# THE INPUT:

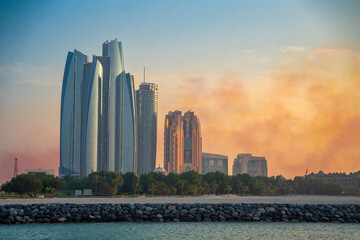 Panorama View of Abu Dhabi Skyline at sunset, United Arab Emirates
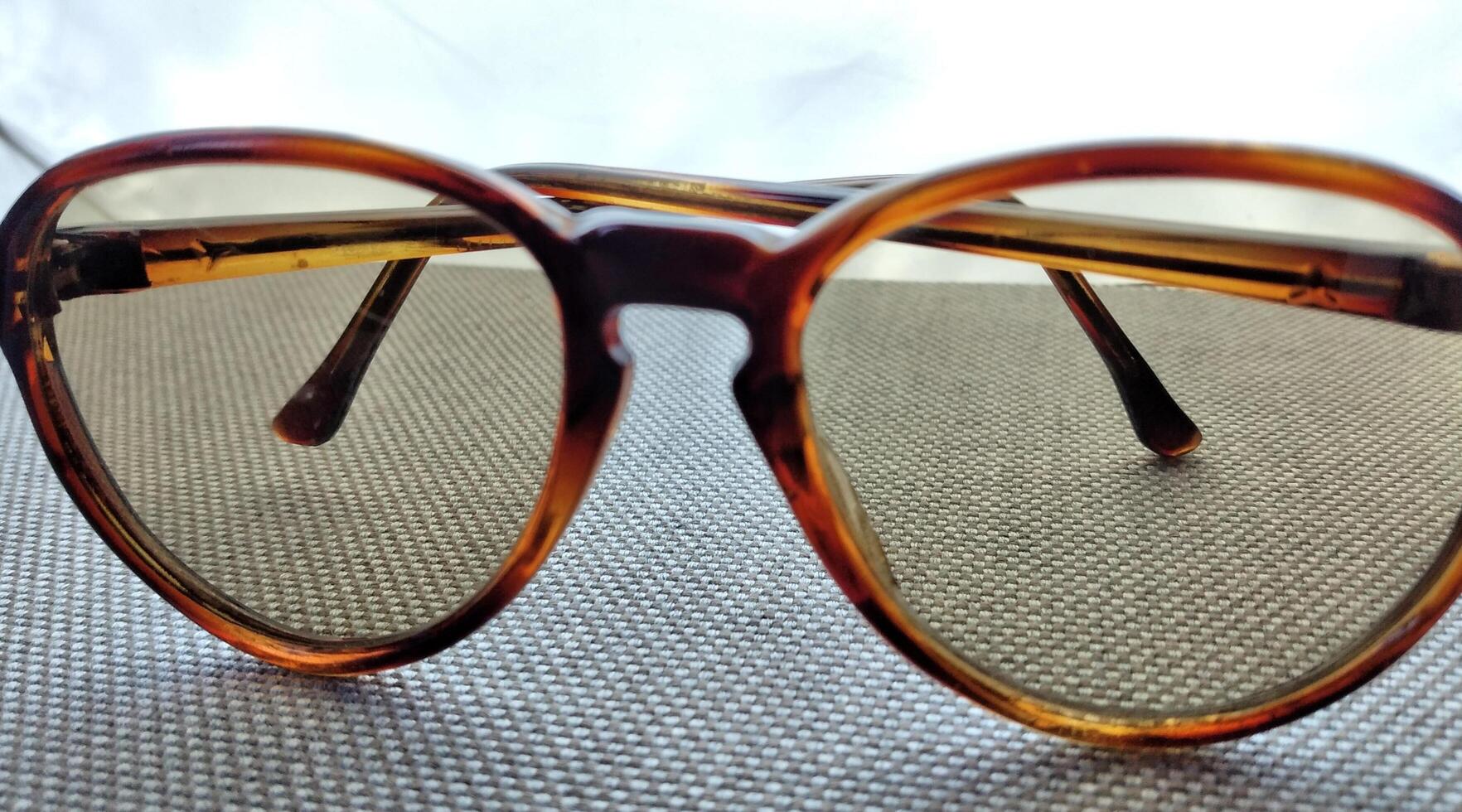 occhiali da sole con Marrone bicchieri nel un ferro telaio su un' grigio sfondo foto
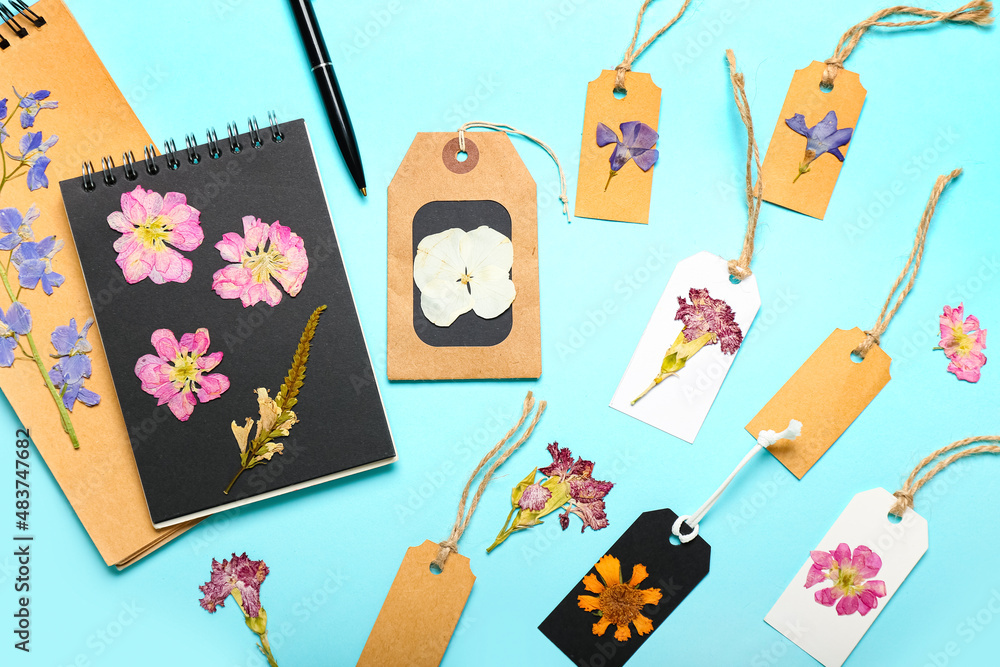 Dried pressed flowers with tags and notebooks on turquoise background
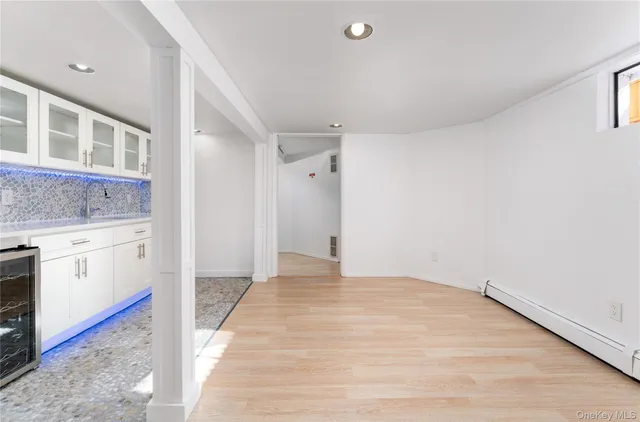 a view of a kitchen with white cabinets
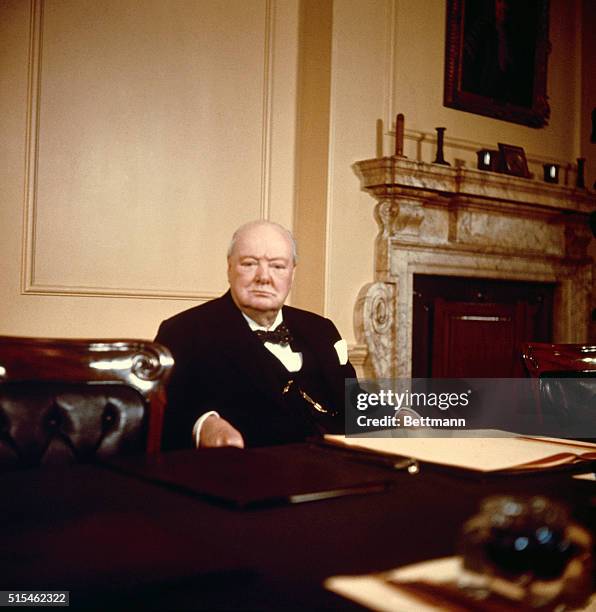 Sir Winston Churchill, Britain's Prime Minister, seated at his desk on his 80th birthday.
* * *
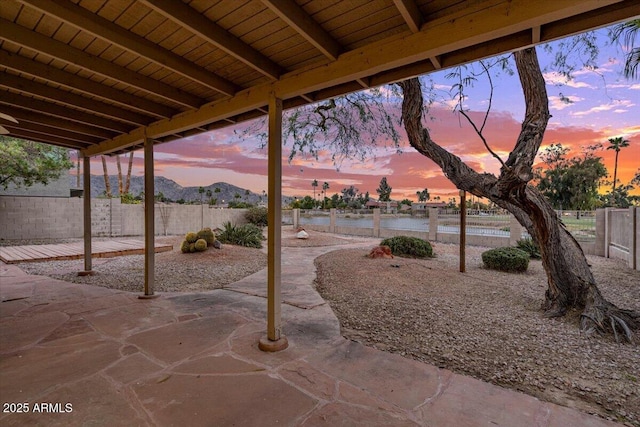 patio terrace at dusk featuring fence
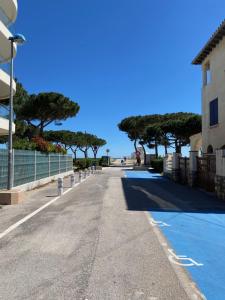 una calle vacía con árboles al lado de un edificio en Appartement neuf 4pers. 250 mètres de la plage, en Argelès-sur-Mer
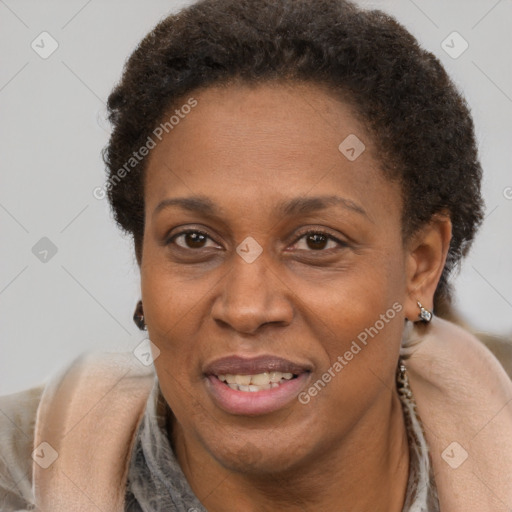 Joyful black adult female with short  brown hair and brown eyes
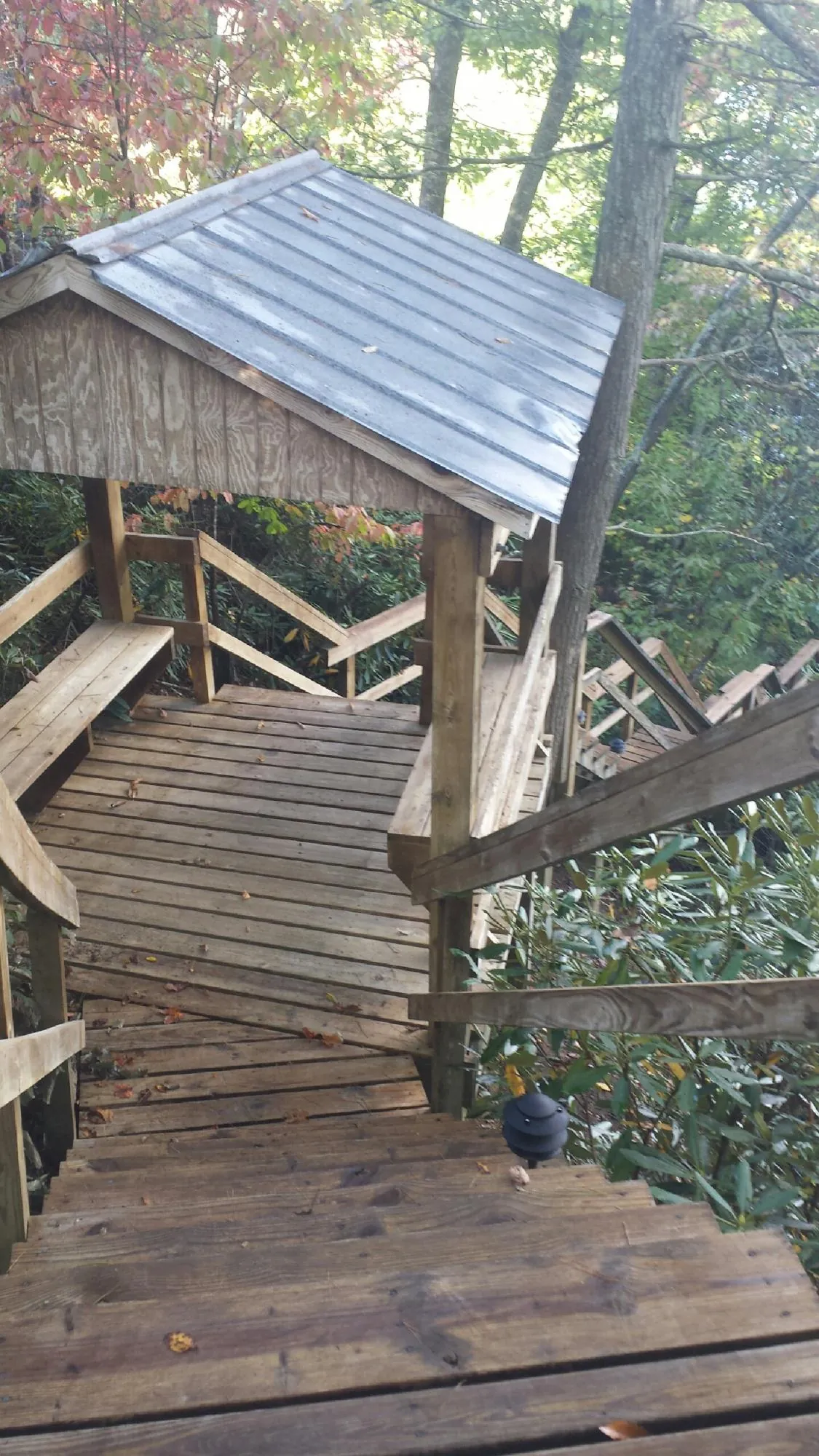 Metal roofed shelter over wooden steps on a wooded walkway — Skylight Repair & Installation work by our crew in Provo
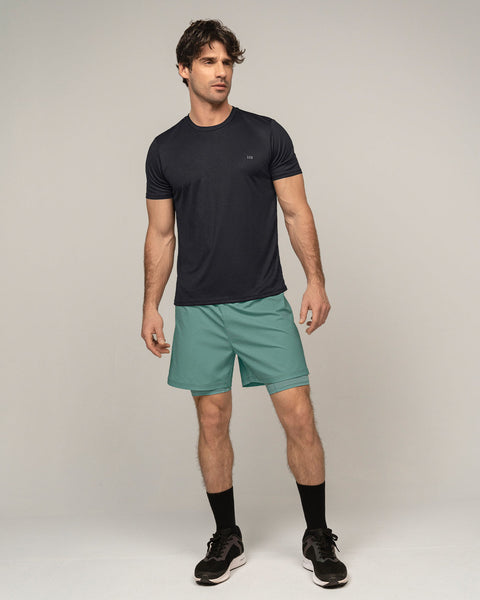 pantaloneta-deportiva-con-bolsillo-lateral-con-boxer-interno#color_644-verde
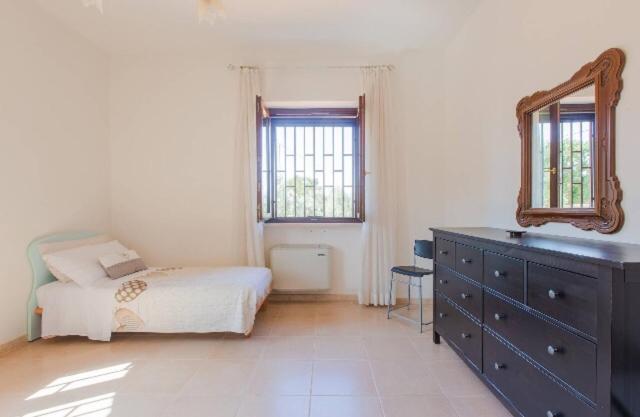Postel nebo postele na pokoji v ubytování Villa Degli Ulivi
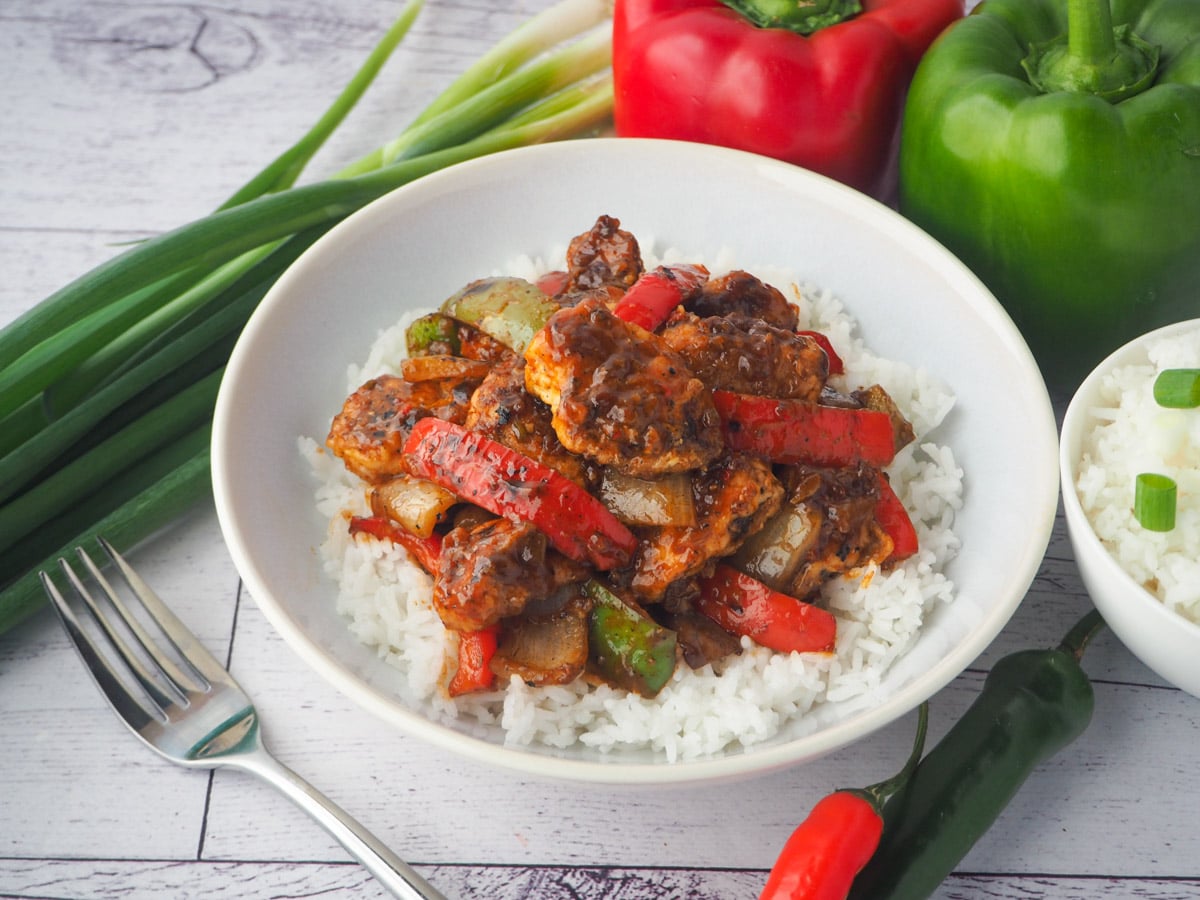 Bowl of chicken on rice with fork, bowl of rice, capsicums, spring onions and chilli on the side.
...
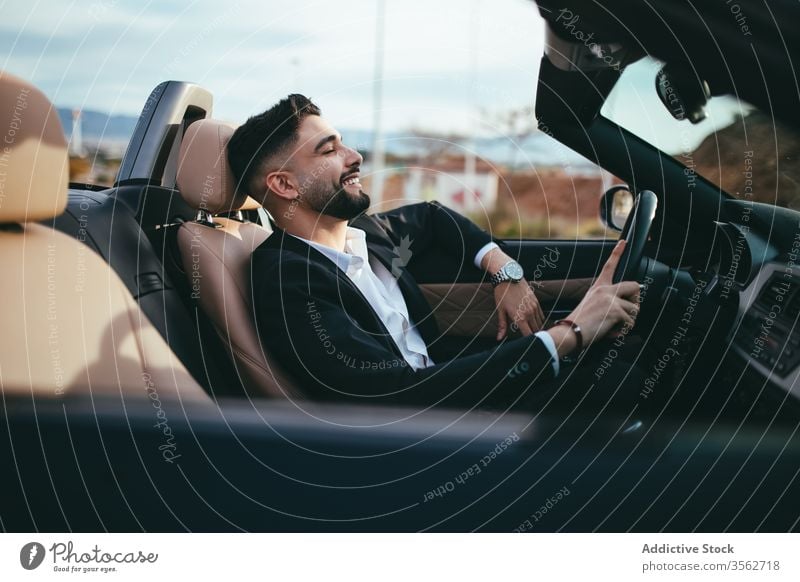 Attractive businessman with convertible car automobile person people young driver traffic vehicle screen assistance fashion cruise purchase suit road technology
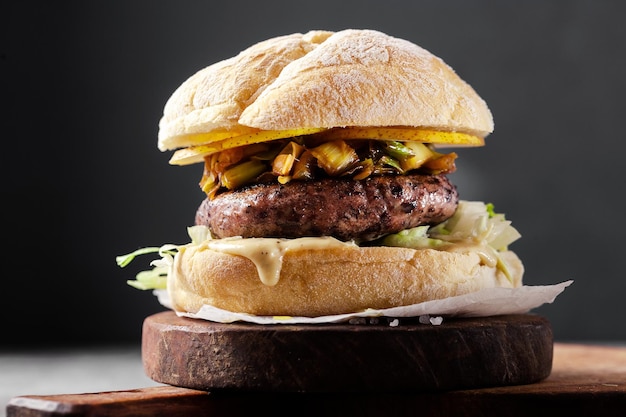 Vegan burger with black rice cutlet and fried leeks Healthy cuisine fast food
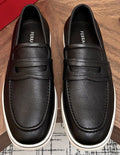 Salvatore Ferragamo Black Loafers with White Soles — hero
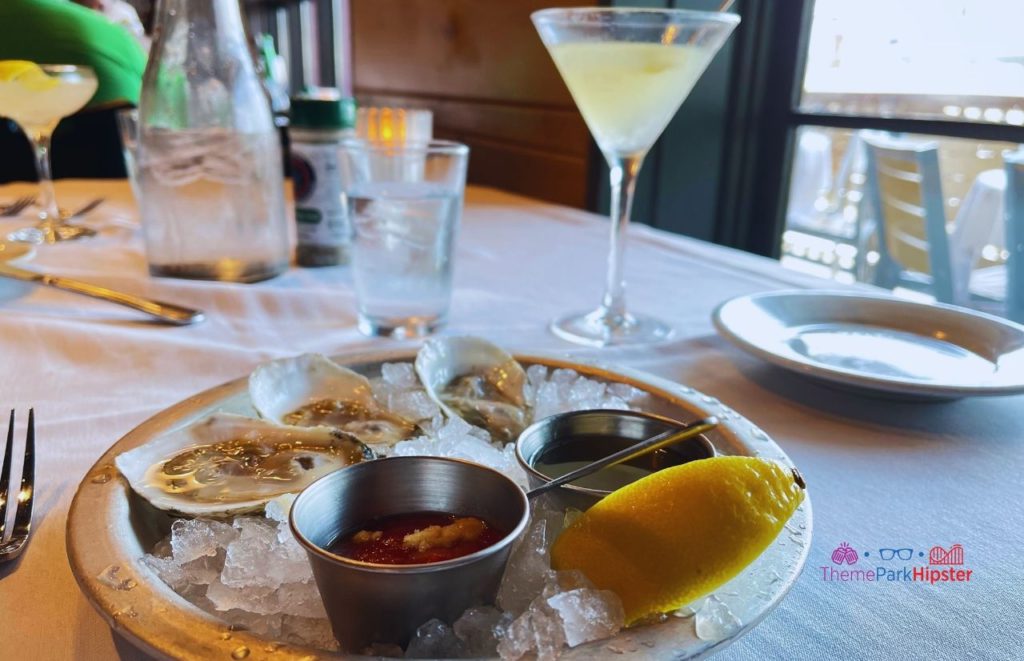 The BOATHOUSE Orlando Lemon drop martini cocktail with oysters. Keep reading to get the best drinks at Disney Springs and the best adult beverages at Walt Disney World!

# PROBLEM REQUIREMENTS:
The answer is those lines of the material above that run from the one containing "Vegan burger with" up to and including the one containing "The BOATHOUSE Orlando", restated exactly and without images.

# EXERCISE RESULT:
 Vegan burger with black rice cutlet and fried leeks Healthy cuisine fast food
 Salvatore Ferragamo Black Loafers with White Soles — hero
 The BOATHOUSE Orlando Lemon drop martini cocktail with oysters. Keep reading to get the best drinks at Disney Springs and the best adult beverages at Walt Disney World!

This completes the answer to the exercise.